#### What needs to be done
Extract the whole listing as it stands. Do not include the pictures.

#### Data below
=======
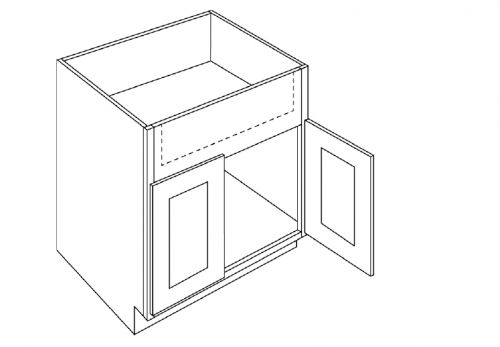 CNC Cabinetry Elegant White Kitchen Cabinet - SB30-FS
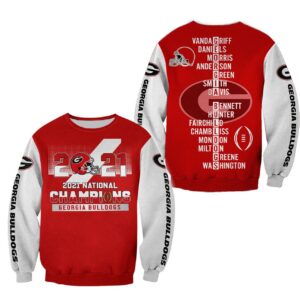 2021 National Champions Georgia Bulldogs Players Name White Red 3D Shirt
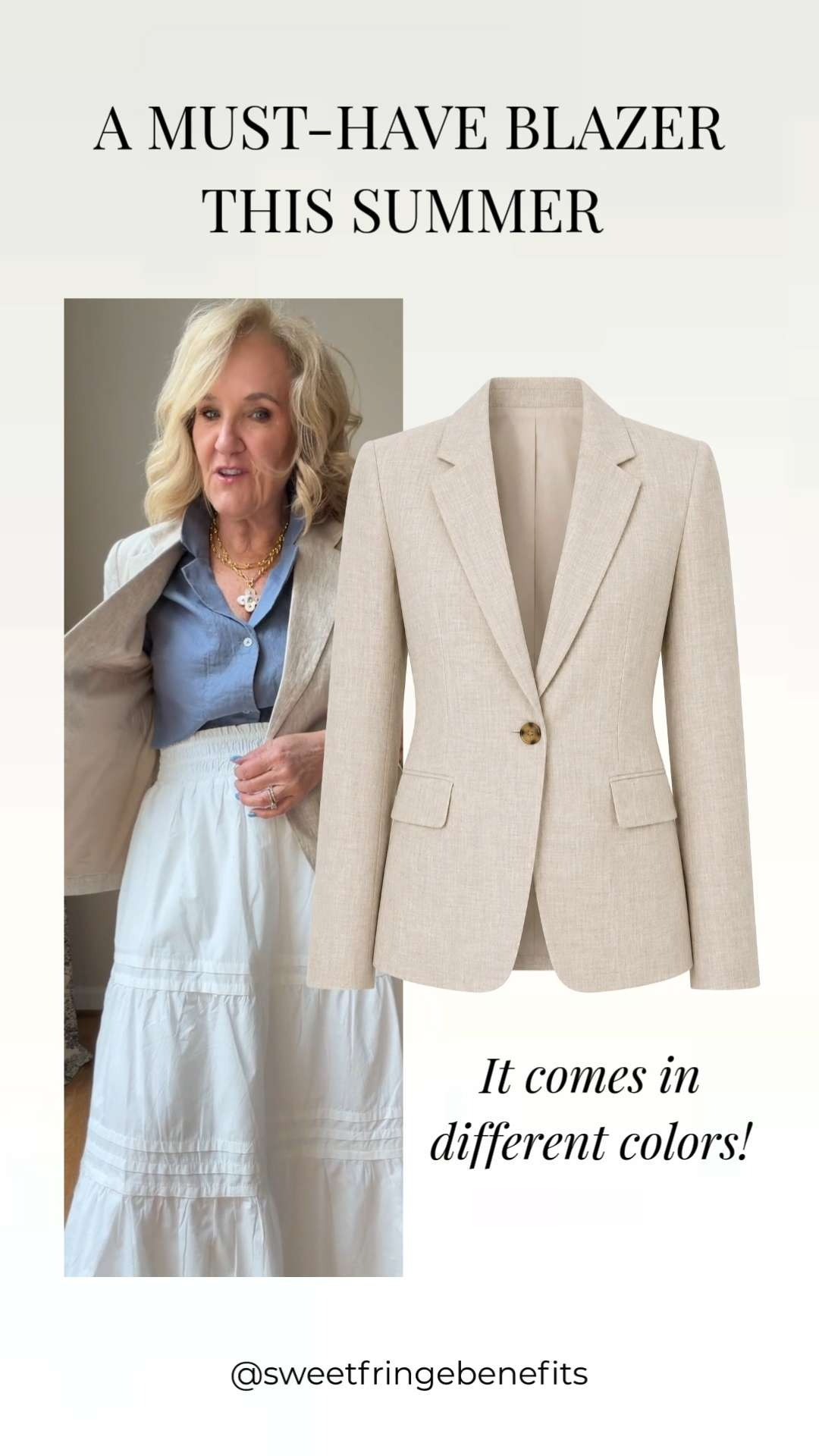 A blazer like this is such a summer wardrobe staple 🫶🏻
=======
#### Output of the task
 CNC Cabinetry Elegant White Kitchen Cabinet - SB30-FS
 2021 National Champions Georgia Bulldogs Players Name White Red 3D Shirt
 A blazer like this is such a summer wardrobe staple 🫶🏻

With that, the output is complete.